June 23, 2014 | Sophie Weiner

CloudChamber is an online project which takes submitted Soundcloud links and plays them into the Reverberation Chamber at the National Physical Laboratory in London. The sound of your mp3 reverberating against the walls of this chamber is recorded, processed, and re-uploaded to Soundcloud so you can compare it to the original.
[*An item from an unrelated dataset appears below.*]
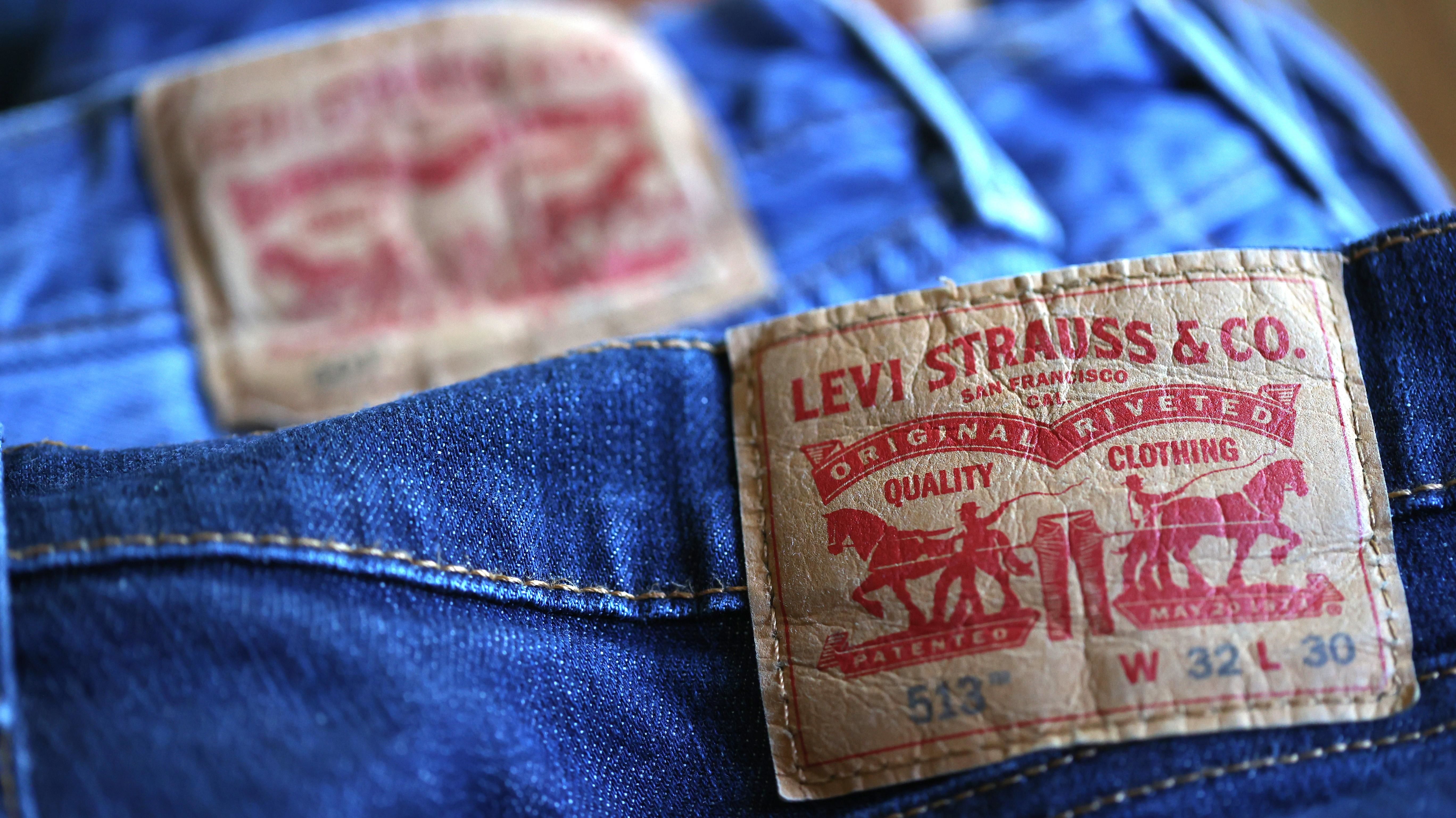 Levi's breaks into resale market with Levi's Secondhand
CloudChamber describes the mechanics of the “Reverberation Chamber” on their website:

Put simply, it’s a big empty room with very hard walls, floor and ceiling and no parallel surfaces. This means that sound in the chamber bounces around a lot and therefore has a long reverberation time – a measure of for how long a sound is present in a room after whatever is making that noise has stopped making it.

Low frequencies reverberate for 30 seconds in the room, but they must be recorded through a microphone. As soon as someone enters the room, their body absorbs some of the sound, making it reverberate less.

To try out CloudChmaber, we sent a standard air horn noise, naturally.

This was the result. The reverb is subtly textured — a blurred echo of its brief original, an iconic component of dance hall music.

Composer Alvin Lucier’s I Am Sitting In A Room (1969) functioned in a similar way. Lucier recorded himself narrating a text, played the recording back to the room and re-recorded it. Several homages have appeared over the years, including Jacob Kirkegaard AION (2005), for which the artist spent three days in the abandoned, post-Chernobyl disaster town of Pripyat, Ukrainian. Kirkegaard recorded inside a former church, an auditorium, a swimming pool, and a gymnasium, for ten minutes each, then played it back to the space and re-captured the field recording over and over, as it layered into a dense four-part piece, alive with the frequency of the deserted places.

CloudChamber will not be processing more sounds for awhile, so if you submit now it’s hard to know when you’ll get your track back, but they encourage your submission anyway.